Clinical Trial Details — Status: Not yet recruiting

Administrative data

• NCT number: NCT01713218
• Other study ID #: 2012-003516-31
• Status: Not yet recruiting
• Phase: Phase 0
• First received: October 17, 2012
• Last updated: October 22, 2012
• Start date: December 2012
• Est. completion date: December 2016

Study information

• Verified date: October 2012
• Source: Erasme University Hospital
• Contact: Jean-Luc Van Laethem, MD, PhD
• Email: jl.vanlaethem[@]erasme.ulb.ac.be
• Is FDA regulated: No
• Health authority: Belgium: Federal Agency for Medicinal Products and Health Products
• Study type: Interventional

Clinical Trial Summary

Pancreatic ductal adenocarcinoma (PDAC) has one of the worst prognoses of all human cancers and is considered as a sanctuary, resistant to most of the drugs used. Identification of new molecular targets involved in its pathogenesis is urgently needed and required both proper and innovative efficacy assessment.

This proof-of-concept trial is studying the "dynamic" tumor response after the administration of a short course (4 weeks) neoadjuvant combination of gemcitabine and a Hedgehog inhibitor (Vismodegib) before surgery in patients with operable pancreatic cancer.

Description:

Pancreatic cancer is characterized by a high stromal density and is a hypoperfused tumor, precluding cytotoxics delivery to the epithelial tumoral compartment. There is thus a rationale for combining chemotherapy and antistromal drugs like Hedgehog inhibitors. Targeting the resectable primary tumor offers an appropriate setting to (1) evaluate and monitor early treatment effects on the tumor, (2) correlate dynamic imaging changes (perfusion and diffusion coefficient) to pre- and post-therapeutic tissue changes, (3) identify specific predictive biomarkers for the drugs used (i.e. gemcitabine transporters and Hedgehog pathway genes and proteins) and (4) assess if this early "dynamic and biomolecular response" can predict treatment benefit and patient outcome.

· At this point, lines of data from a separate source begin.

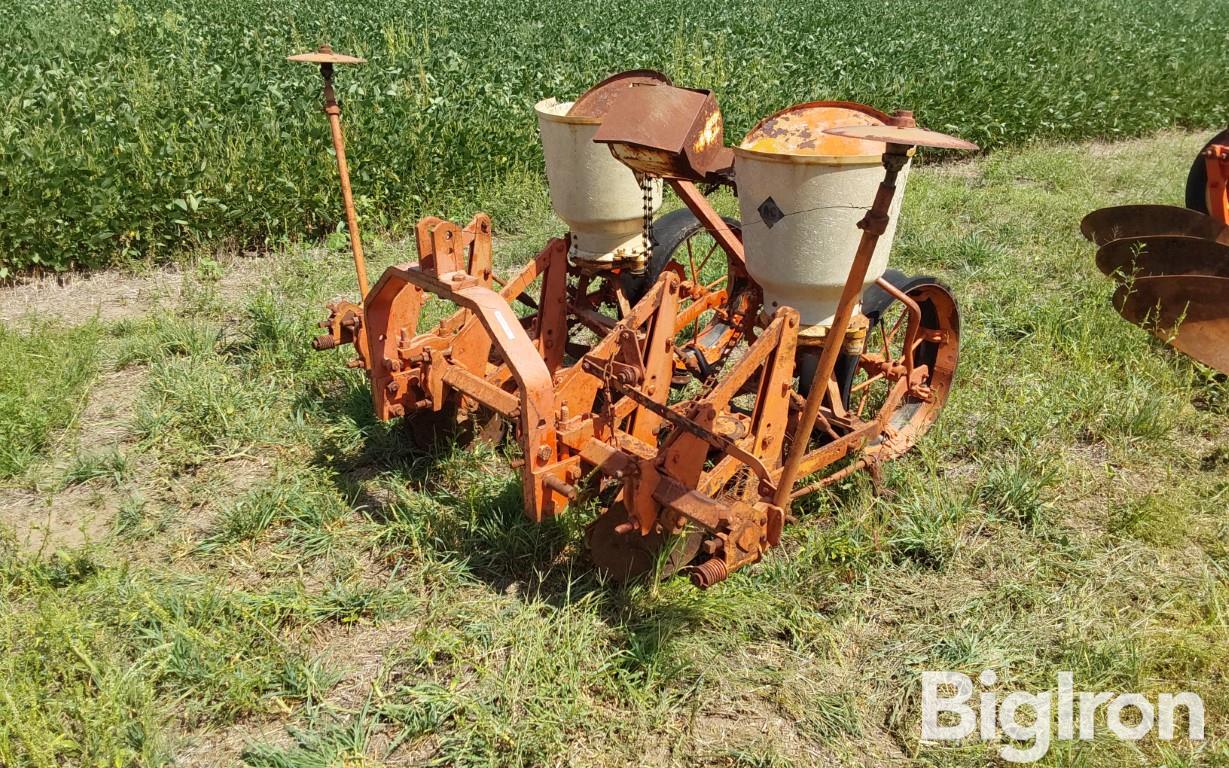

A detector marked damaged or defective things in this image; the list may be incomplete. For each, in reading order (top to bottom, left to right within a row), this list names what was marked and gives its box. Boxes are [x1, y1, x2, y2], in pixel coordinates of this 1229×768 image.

rusty hopper lid [287, 44, 363, 64]
rusted metal shield [287, 44, 363, 64]
rusty disc blade [287, 45, 363, 64]
rusted metal shield [565, 69, 673, 120]
rusty disc blade [567, 69, 673, 121]
rusty hopper lid [727, 101, 894, 163]
rusty disc blade [820, 123, 973, 149]
rusted metal shield [820, 123, 983, 150]
rusty hopper lid [825, 123, 978, 150]
rusty disc blade [1081, 202, 1224, 244]
rusted metal shield [1081, 202, 1224, 244]
rusty plow disc [1081, 205, 1224, 246]
rusty plow disc [1091, 237, 1229, 281]
rusty disc blade [1096, 238, 1229, 280]
rusted metal shield [1096, 237, 1229, 281]
rusty disc blade [1115, 274, 1229, 373]
rusted metal shield [1115, 274, 1229, 373]
rusty plow disc [1115, 274, 1229, 373]
rusty hopper lid [1115, 274, 1229, 373]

Recruitment information / eligibility

• Status: Not yet recruiting
• Enrollment: 21
• Est. completion date: December 2016
• Est. primary completion date: June 2014
• Accepts healthy volunteers: No
• Gender: Both
• Age group: 18 Years and older

Eligibility

Inclusion Criteria:

• Histo(cyto)logically proven ductal pancreatic adenocarcinoma

• Resectable or potentially resectable tumor; resectability assessed during a multidisciplinary meeting with expert surgeon and radiologist

• First line chemotherapy

• Age > 18 years

• WHO performance status (PS) grade 0 or 1;

• Absolute neutrophil count > 1.5 x 10 9 / L, platelets > 100 x 10 9/ L, creatinine clearance (Cockcroft and Gault formula) > 60 ml/min, haemoglobin level > 10 g/dl (transfusions authorized), bilirubin<1.5 g/dl;

• Optimal biliary drainage;

• Women of child-bearing potential (WCBP), defined as a sexually mature woman who has not undergone a hysterectomy or tubal ligation of who has not been naturally postmenopausal for at least 24 consecutive months, must have a negative serum or urine pregnancy test prior to treatment. All WCBP, all sexually active male patients, and all partners of patients must agree to use adequate methods of birth control throughout the study;

• Signed written informed consent.

Exclusion Criteria:

• Locally advanced non resectable or metastatic pancreatic adenocarcinoma

• Previous anticancer therapy for the pancreatic adenocarcinoma

• Biliary obstruction without endoscopic biliary drainage

• Any contre-indication for surgery

• Prior malignancy (except non-melanoma skin cancer, and in situ carcinoma of the uterine cervix treated with a curative intent and any other tumor in complete remission with a disease-free interval > 3 years)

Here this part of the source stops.